» **What to work on**: Write out the data that follows exactly, keeping every picture out.

Data for review START

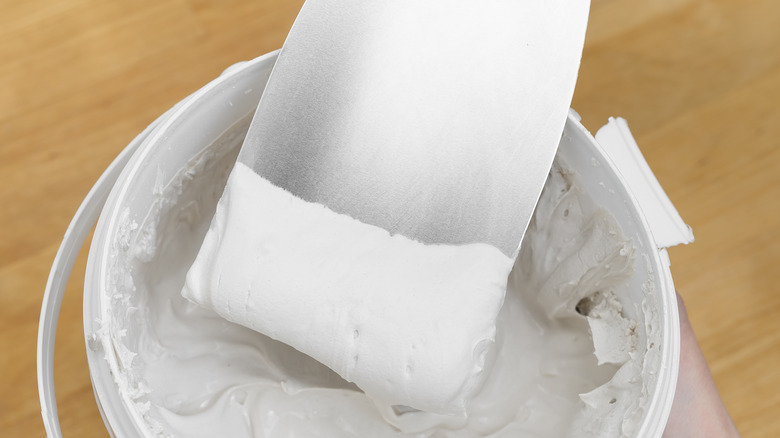 white putty in a bucket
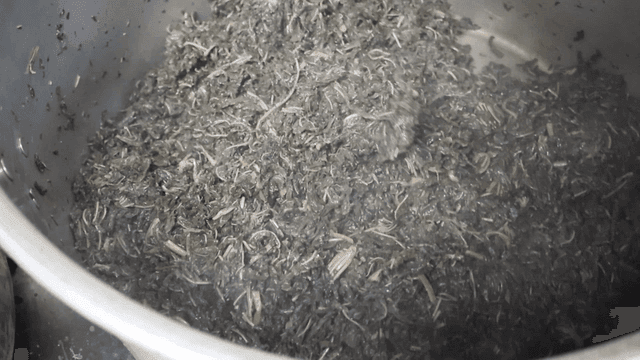 큰 나무주걱으로 아주까리를 볶고있는 요리사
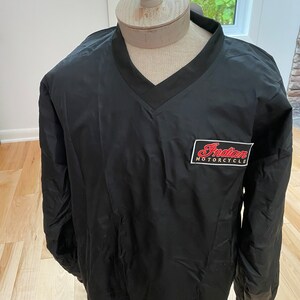 May include: Black pullover jacket with a V-neck collar. The jacket features a rectangular patch with the words "Indian MOTORCYCLE" in red and white. The jacket is displayed on a mannequin.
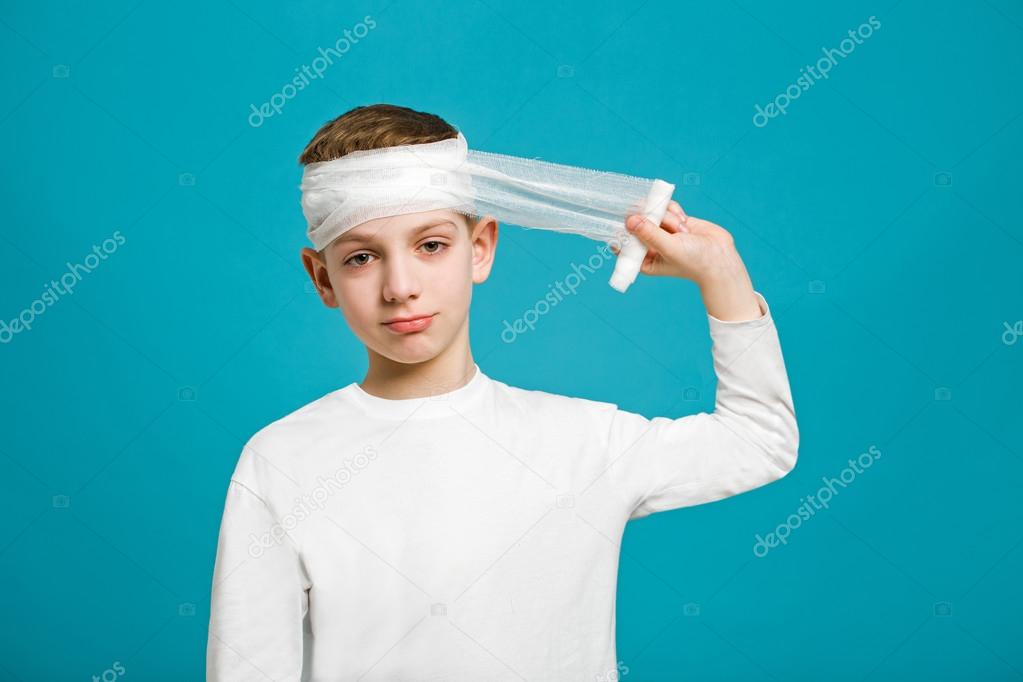 Portrait of unhappy boy taping up bandage on his head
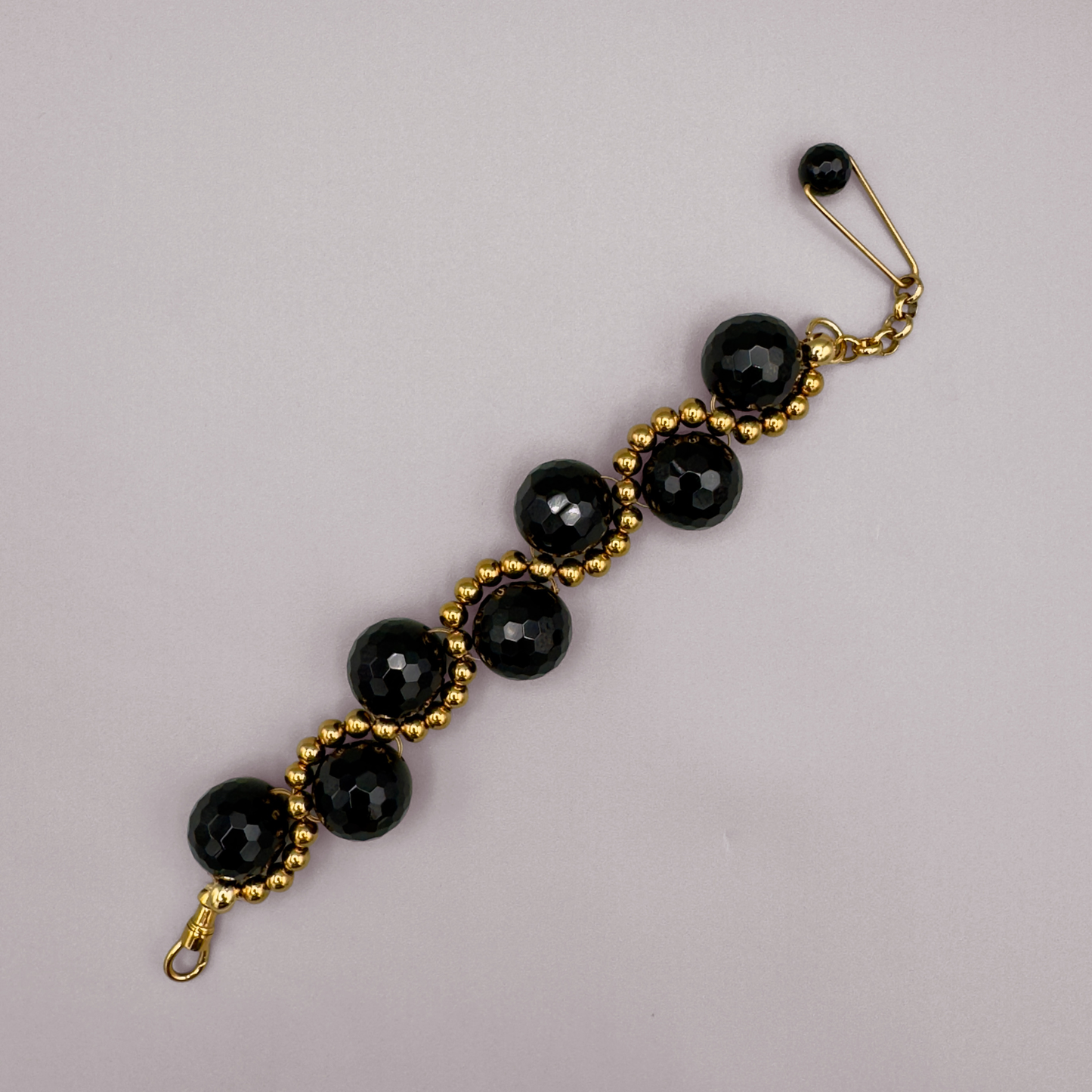 ORBITAL O2 Bracelet in Black Onyx + Gold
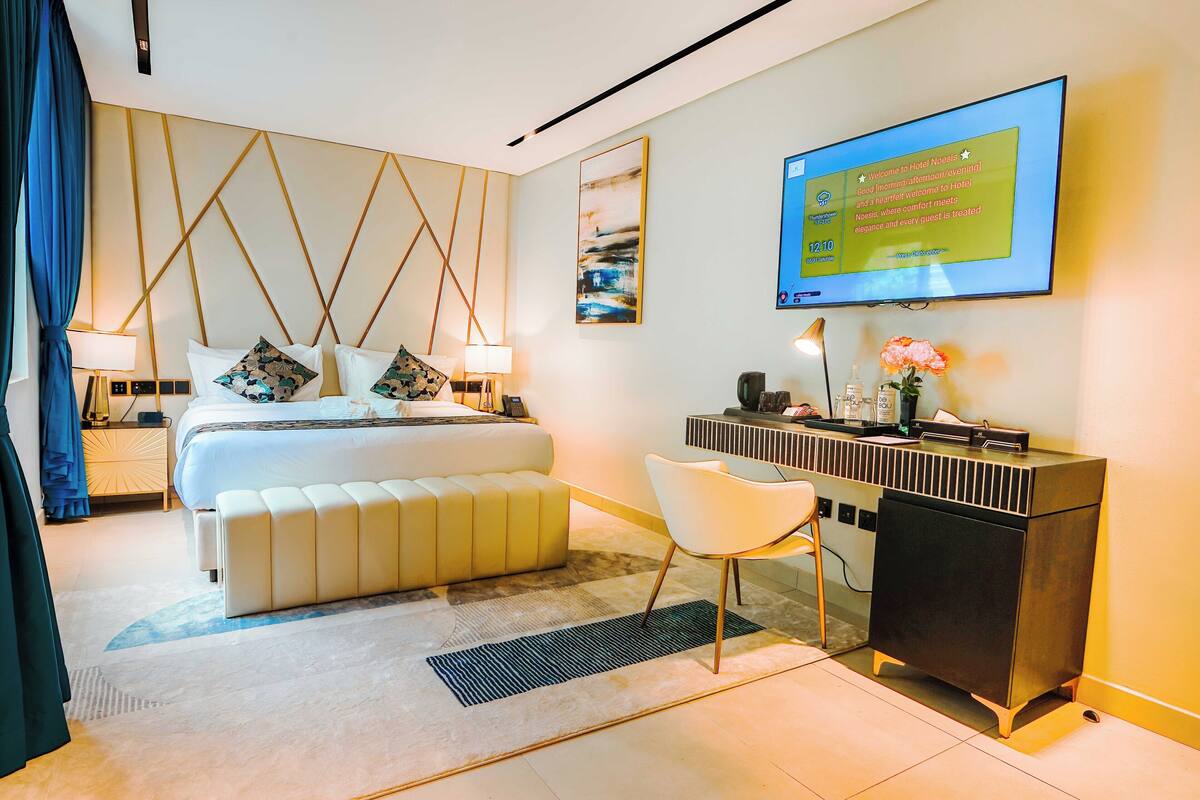 A modern hotel room with a bed, bedside tables, a desk, and a TV displaying a welcome message.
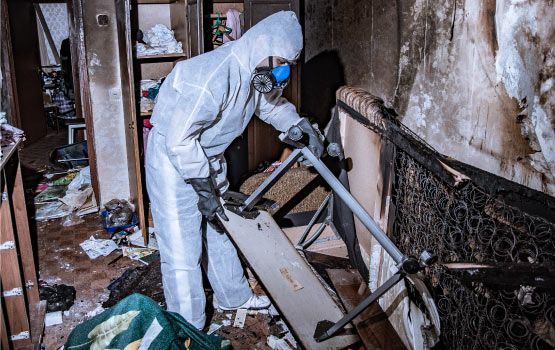 a perosn restoring an area damaged by fire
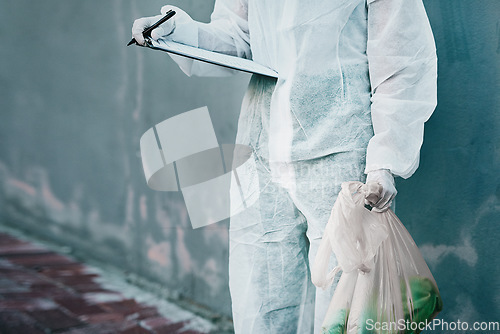Image of Forensic investigator collecting evidence on a murder scene on a street holding a plastic bag and wearing a hazmat suit. Crime researcher doing a scientific criminal investigation outdoors in a city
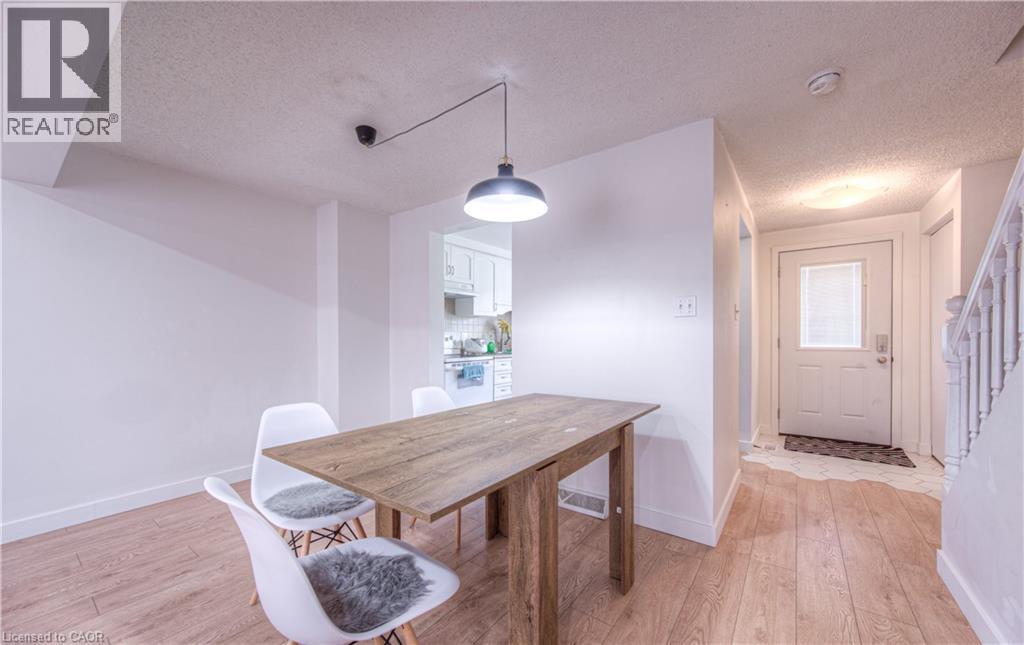 Dining area with a textured ceiling and light wood-style flooring - 236 Bankside Drive, Kitchener, ON - Indoor Photo Showing Dining Room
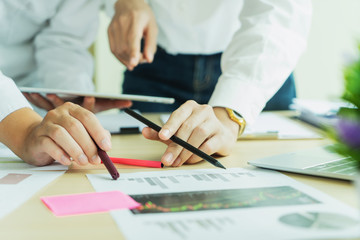 Two Business colleagues standing around boardroom table having informal discussion a new start up project.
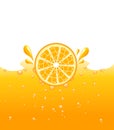 Orange falling into the orange juice Royalty Free Stock Photo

Data for review END

» **Exercise response**:
 white putty in a bucket
 큰 나무주걱으로 아주까리를 볶고있는 요리사
 May include: Black pullover jacket with a V-neck collar. The jacket features a rectangular patch with the words "Indian MOTORCYCLE" in red and white. The jacket is displayed on a mannequin.
 Portrait of unhappy boy taping up bandage on his head
 ORBITAL O2 Bracelet in Black Onyx + Gold
 A modern hotel room with a bed, bedside tables, a desk, and a TV displaying a welcome message.
 a perosn restoring an area damaged by fire
Image of Forensic investigator collecting evidence on a murder scene on a street holding a plastic bag and wearing a hazmat suit. Crime researcher doing a scientific criminal investigation outdoors in a city
 Dining area with a textured ceiling and light wood-style flooring - 236 Bankside Drive, Kitchener, ON - Indoor Photo Showing Dining Room
 Two Business colleagues standing around boardroom table having informal discussion a new start up project.
 Orange falling into the orange juice Royalty Free Stock Photo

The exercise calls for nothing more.